Opinion
No. 25482.
March 8, 1926.
CARRIERS. Goods being collected by owner on station platform till he has carload held not so delivered and accepted as to render carrier liable as insurer.
There is not such delivery and acceptance of property for immediate shipment as to raise a contract for transportation, rendering the carrier responsible as an insurer, though the goods be not immediately put in transportation, where, at time of fire destroying the property, the owner, according to his custom, and with knowledge and consent of the company's local agent, is accumulating cotton on the station platform till he shall have enough for a carload shipment.
APPEAL from circuit court of Sunflower county; HON. S.F. DAVIS, Judge.
Everett Forman, for appellant.
The railroad company is liable to the plaintiff for the loss sustained for the reason that the plaintiff had requested cars in which to ship his cotton; the defendant had agreed to furnish the cars, but only furnished one car, which was loaded, and then directed the plaintiff to deliver the bales of his cotton which were to be shipped at that time by placing them on the platform of the railroad company, under which instruction the plaintiff acted and so delivered his cotton to the railroad. Y. M.V.R.R. Co. v.
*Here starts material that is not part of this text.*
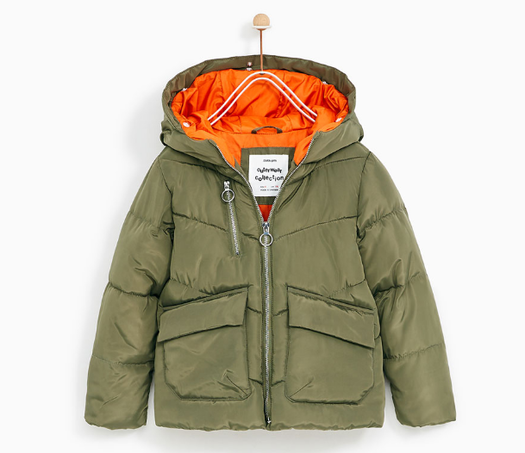 zara童装女童毛料连帽棉服夹克01938600506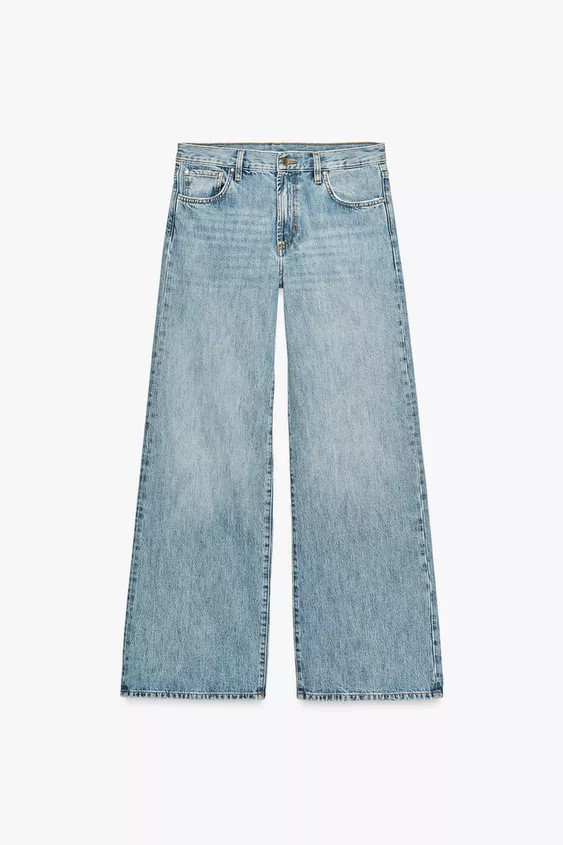 ZW COLLECTION WIDE LEG LOW RISE JEANS | Zara Canada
Crawford, 107 Miss. 355, 65 So. 462; Y. M.V.R.R. Co. v. Fisher Bros., 102 Miss. 702.
It is true no bill of lading had been issued by the defendant for this cotton, but that was not necessary. Tate v. Y. M.V.R.R. Co., 78 Miss. 842; 6 Cyc., pp. 412-13-17-27; 4 R.C.L. 692. Actual notice to the railroad company's agent of the delivery of the goods for shipment is sufficient to bind the railroad company for their loss. Southwestern R.R. Co. v. Webb, 47 Ala. 585; O'Bannon v. Southern Exp. Co., 51 Ala. 481; Kansas City R.R. Co. v. Lilly, 8 So. 644.
It is our contention that delivery to the railroad company was completed, the cars having been requested, promised but not furnished, and under the direction of the depot agent, who had full authority for the defendant, the cotton was placed on the platform of the defendant. 4 R.C.L., par. 167, pp. 688-89; 4 R.C.L., par. 170, 692.
Therefore, we submit that the proof in this case brings the declaration clearly within the authorities above cited, and that this case should be reversed.
Clinton H. McKay, Chapman, Moody Johnson, Chas. N. Burch and H.D. Minor, for appellee.
The facts here are undisputed. "When the facts are admitted, the question as to what constitutes delivery and acceptance of goods is a question of law for the court." 4 R.C.L., p. 692, sec. 170.
I. Defendant's liability as a carrier had not attached. It is perfectly clear that this thirty bales of cotton (part of an intended carload shipment) had not been delivered to and accepted by defendant for immediate transportation. No bill of lading had been issued. No data on which to issue a bill of lading had been furnished defendant's agent. He did not know by whom the cotton was to be shipped, nor the number of bales, nor the destination, nor the name of the consignee, nor did he know the gin and tag numbers on the bales. Indeed, plaintiff did not intend or expect to offer the cotton for immediate transportation until he had hauled a sufficient number of additional bales to complete a carload shipment. The cotton was not in the exclusive custody of defendant as a common carrier for immediate transportation at the time of the fire. Defendant had no right to exercise any dominion over it.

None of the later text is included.